▸ Instructions to follow
Go to the line containing "Pesaro, about 1985." and retype it and every later line exactly as written, up to the last line of the entries. Keep pictures out.

▸ Dataset excerpts
━━━━

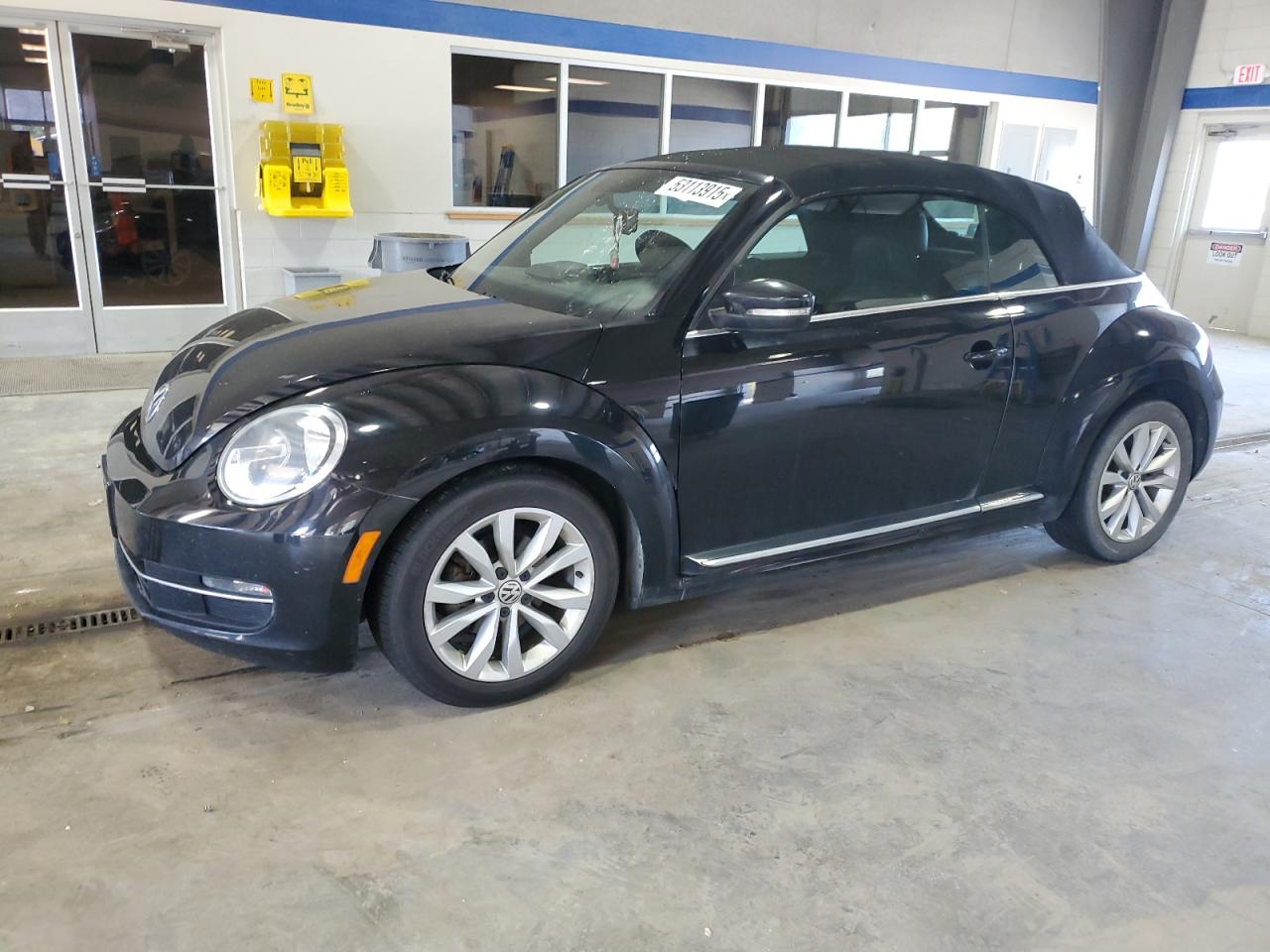 VOLKSWAGEN BEETLE 2014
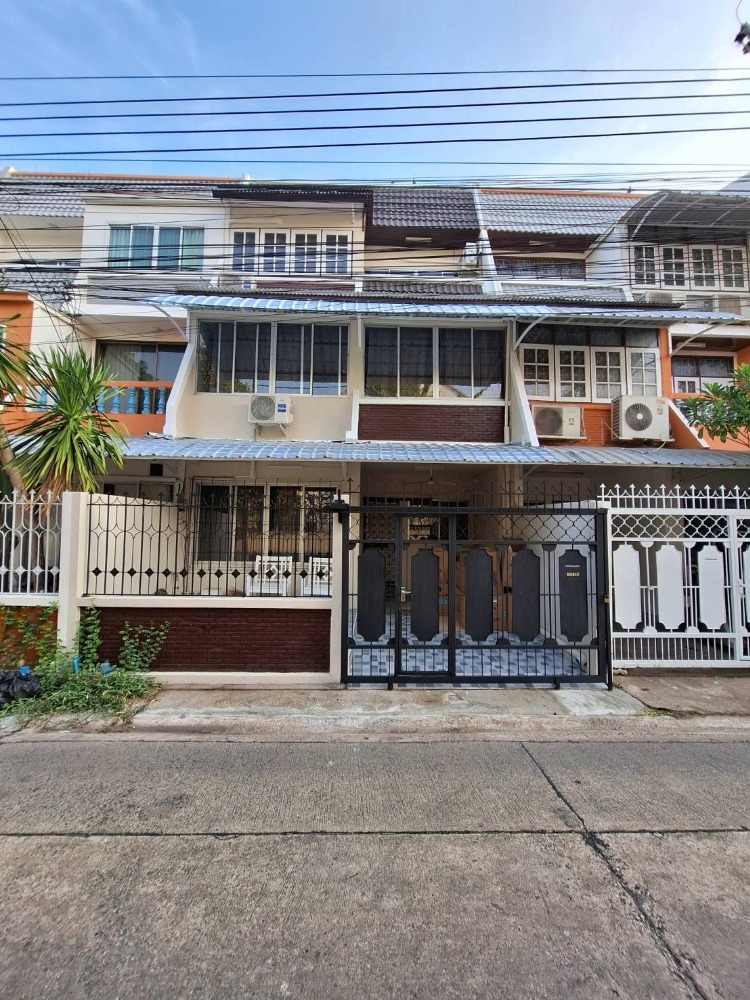 For RentTownhouseSukhumvit, Asoke, Thonglor : For rent!! Townhouse Ekkamai 22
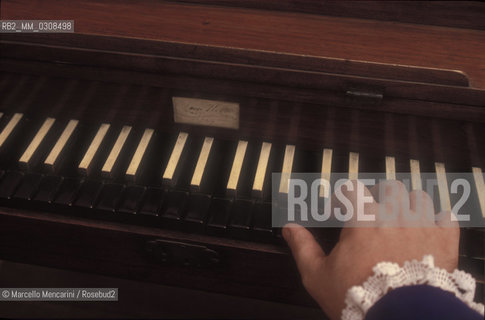 Pesaro, about 1985. Spinet in the birthplace of composer Gioacchino Rossini (detail) / Pesaro, 1985 circa. Spinetta nella casa Natale del compositore Gioacchino Rossini (dettaglio) - ©Marcello Mencarini/Rosebud2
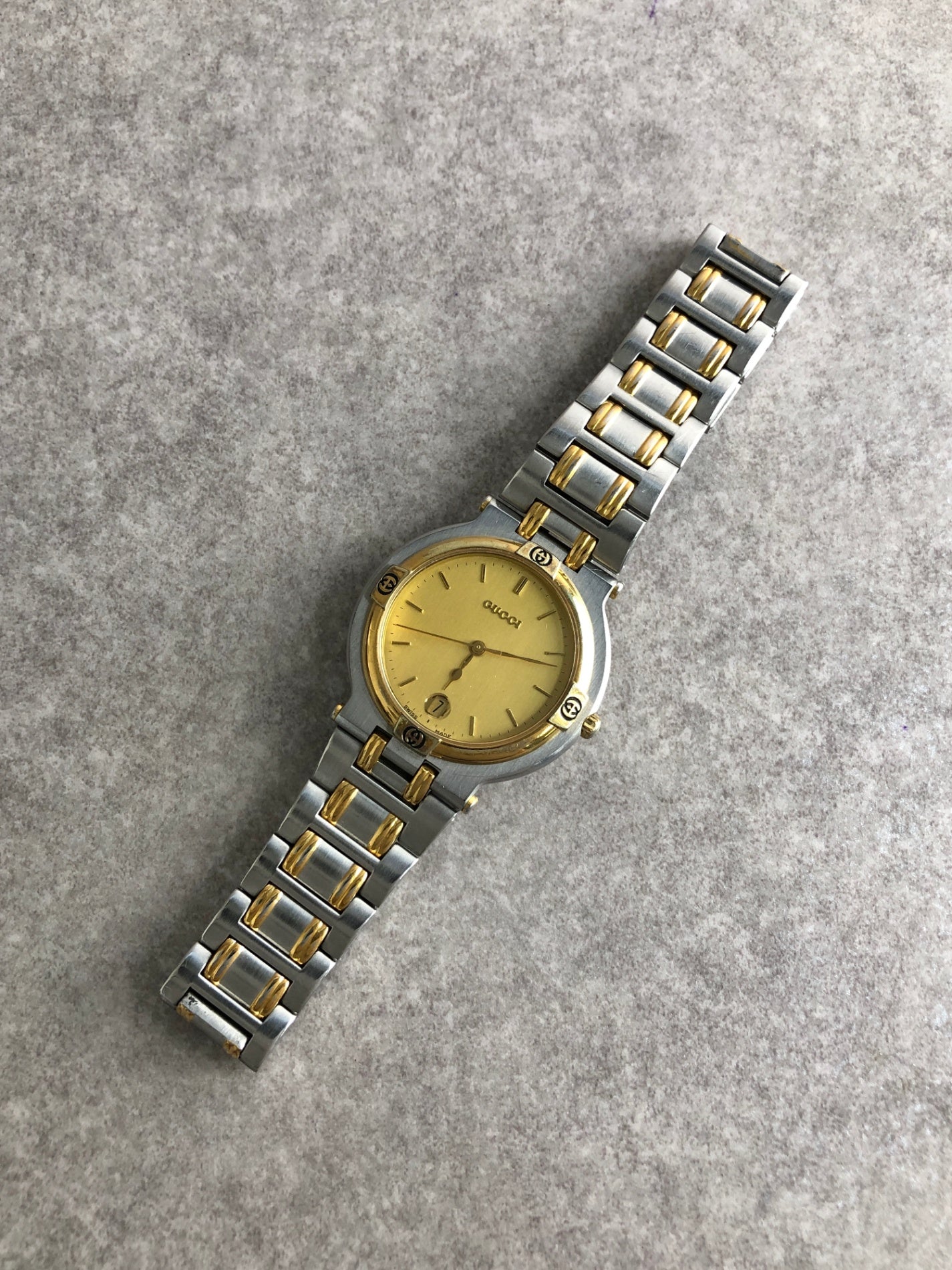 GUCCI Logo Quartz Watch Silver×Gold 9000G Vintage gmtubj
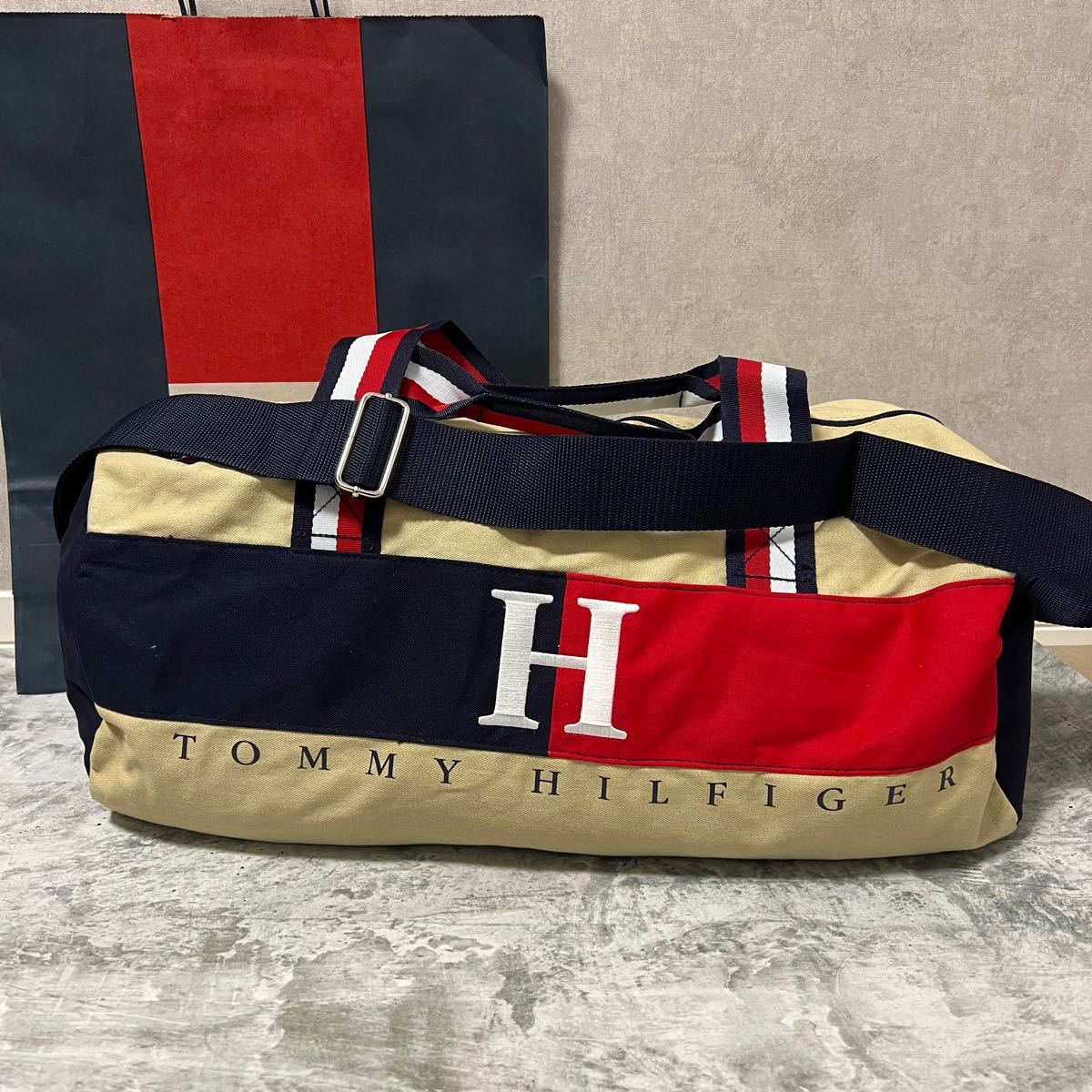 翌日お届け 【海外限定 】 TOMMY HILFIGER 2way ロゴ ボストンバッグ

━━━━

▸ Exercise answer
 Pesaro, about 1985. Spinet in the birthplace of composer Gioacchino Rossini (detail) / Pesaro, 1985 circa. Spinetta nella casa Natale del compositore Gioacchino Rossini (dettaglio) - ©Marcello Mencarini/Rosebud2
 GUCCI Logo Quartz Watch Silver×Gold 9000G Vintage gmtubj
 翌日お届け 【海外限定 】 TOMMY HILFIGER 2way ロゴ ボストンバッグ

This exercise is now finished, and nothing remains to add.